Positive Product Points
The white-based (newer model) Precision is easy to use, easy to clean, and for me, completely reliable. It's roasts are relatively immune to ambient air temp differences--I've used it down to about 46 degrees F on the same setting as I would use at 75 degrees F. Roasts very evenly and through the full range of roasts. Good chaff collector, too.
Negative Product Points
The small roast capacity (3 oz) became for me, something of a chore when I found myself roasting every day or every other day to meet the coffee and expresso needs of a two-person, coffee drinking household. As noted by others, the Precision is also noisy, making detection of the second crack particulary difficult. I found it works best if you dismantle the base and lubricate the bearing with machine oil about every 10-12 roasts (three screws--not a difficult job). Still loud but better, and I believe it extends the life of the machine.
After having run about 50 lbs through the Precision (what's that, 250+ roasts?) the machine still is running flawlessly (note oiling comment above).
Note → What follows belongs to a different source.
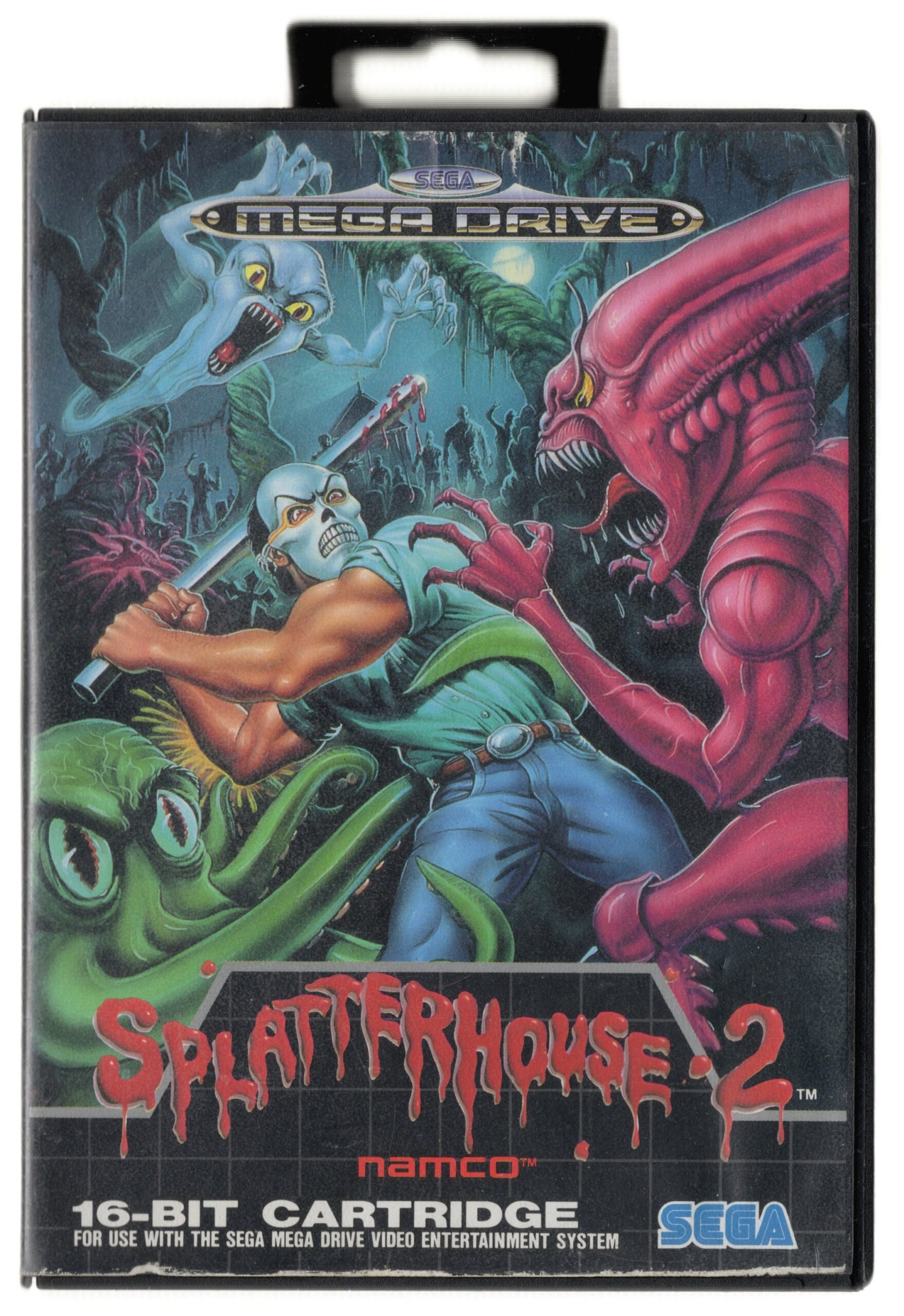 Mega Drive: Splatterhouse 2 [PAL] (Complete) (GOOD) - No Tab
But I was tiring of daily or near daily roasting to meet the needs of a two person household and have now acquired a new Alpenrost (8 oz drum roaster) and relegated the Precision to a back-up role. If you buy roasted coffee and only want to supplement that with occasional home roasting, or for roasting special beans or blends, or if you are a single- person coffee household, the Precision would be ideal.
The Precision, being an air popper, roasts fast. However, dark roasts tend to be pungent while light roasts tend toward sharper acidity. That's fine if you like coffee that way (I don't) but not the best if you don't, or if you drink espresso or prefer deeper body and more complexity in a brewed coffee. If you do, a drum roaster or stove-top roaster might be a better idea than the Precision, Fresh Roast or any other air-popper. (I think that some of the complaints about home roasted coffee being "bitter" or "sharp" are from people who are not used to air-popped coffee and perhaps, don't like it's sharper or more pungent nature).
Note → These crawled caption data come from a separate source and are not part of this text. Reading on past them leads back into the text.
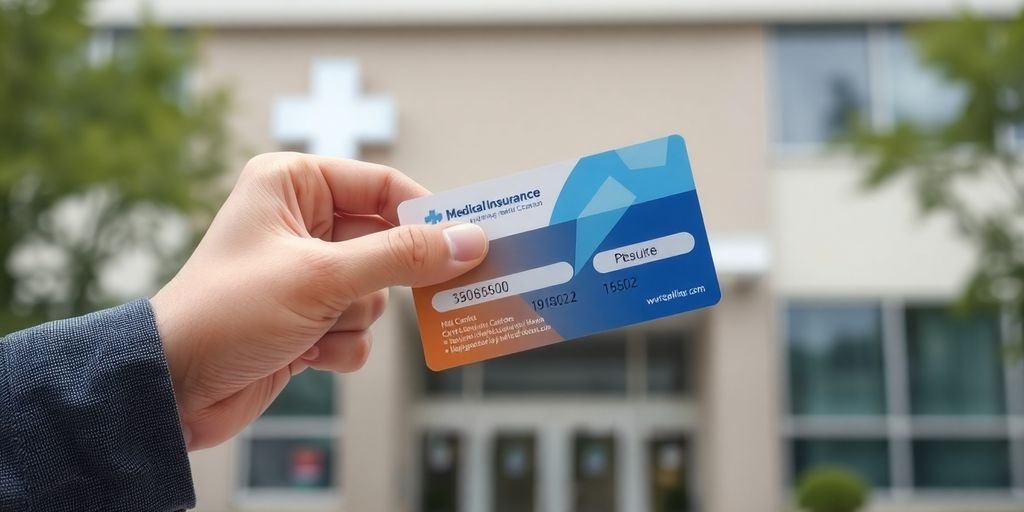 Pessoas recebendo documentos de saúde.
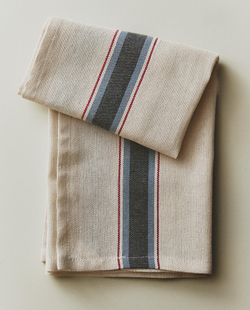 Zara Home кухонное полотенце из хлопка, узор в полоску, 70 50 см · 7242/026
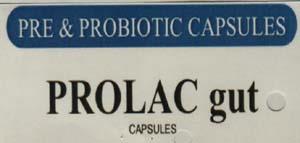 PROLAC GUT (and logo) trademark logo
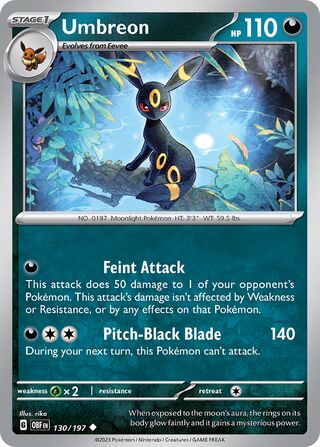 Umbreon 130/230 from Obsidian Flames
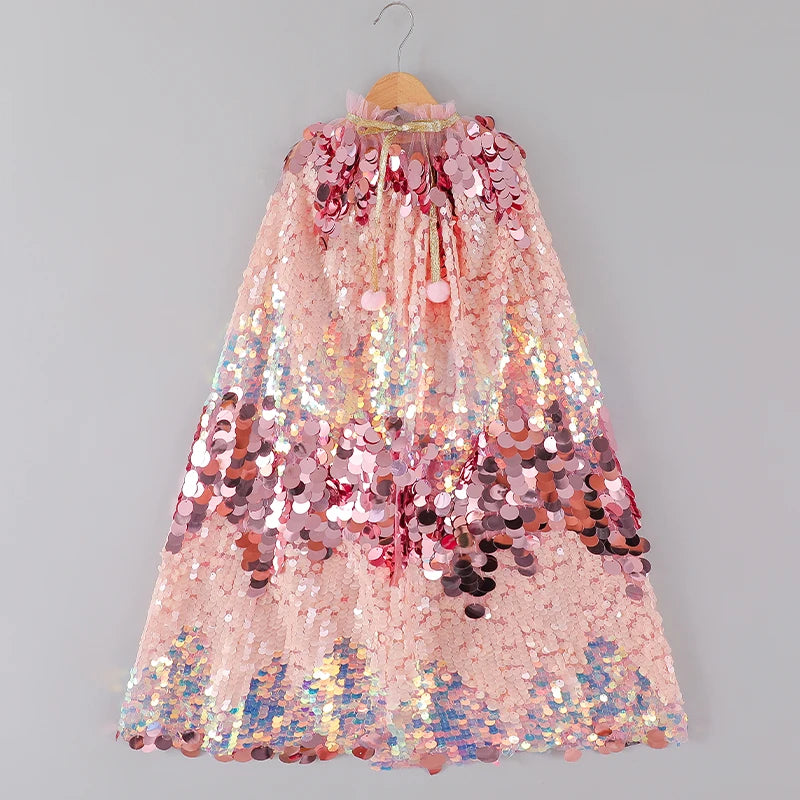 Halloween-Maskerade-Performance-Kostüm für Mädchen mit Pailletten, geeignet für Festival-Auftritte.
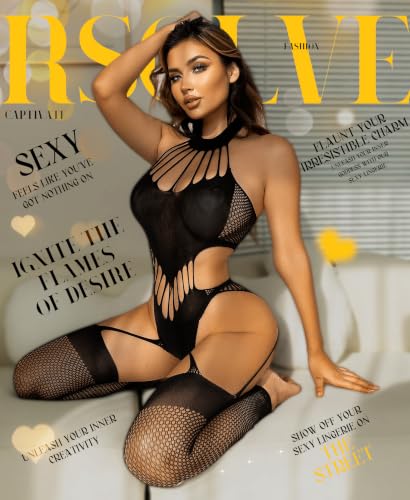 RSLOVE Fishnet Bodystocking for Women - Sexy Lingerie Sets Rave Outfits - image 2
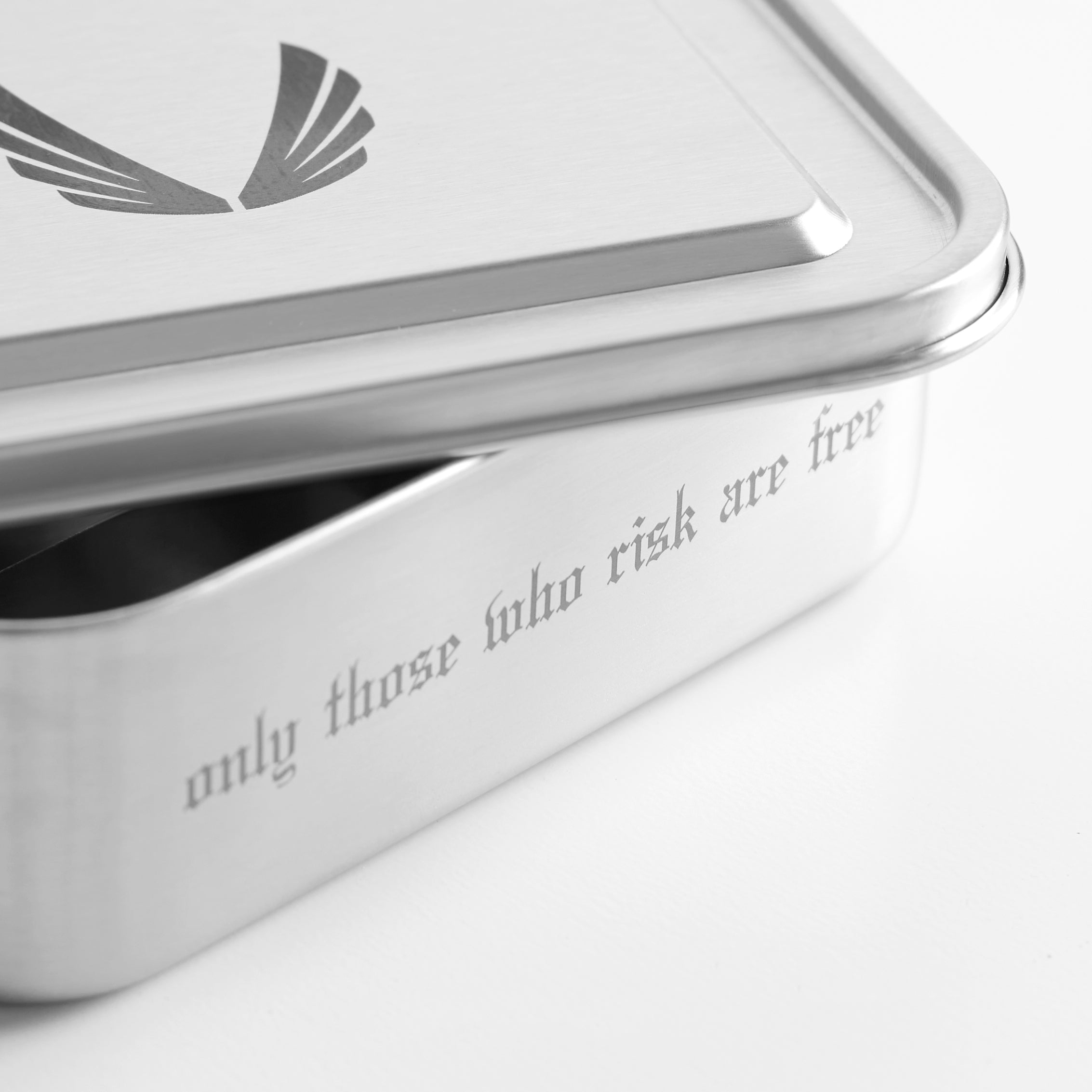 ASRV x SIGG Gemstone Box stainless steel container with lid, top view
Because of the noise, judging roast doneness is best accomplished by sight or smell with the Precision. The clear glass base and slow rolling bean movement make this easy to do. All parts that get gummed up are easy to clean and can be put in the dishwasher occasionally. In this regard, (visible roast clues, clean-up, chaff collector) the Precision is superior to the Alpenrost. In other regards such as quantity roasted, full bodied more mellow and complex taste (for me at least), the Alpenrost is superior.
I think that the bad press on Hearthware reliability is not warranted in regard to the white-based Precision-- particularly if you perform some bearing maintenance regularly as noted (not in the manual).
Originally bought from Sweet Marias with their usual fine service.
Three Month Followup
The Precision remains my back-up machine and the one I use occasionally to satisfy a whim for snappy, acidy coffee. I also find it useful to add a lighter roast, highlight coffee to a softer, darker espresso base roasted in the Alpenrost. The Precision is still completely reliable and is less fussy than the Alp in most respects.
I have noticed that beans in lighter roasts are not uniformly roasted. If you break apart a single bean you can often find the center to have a lighter color than the outside. Never happens in the Alp and I attribute it to the fast roast times in the Precision--and probably all other fast, fluid bed machines such as the even faster Fresh Roast as well.
It appears that the Precision may have gone out of production. Sweet Marias now lists it as unavailable and has replaced it with the older HW Gourmet. Pity--if you can find one, the white-based Precision is undoubtedly a better machine.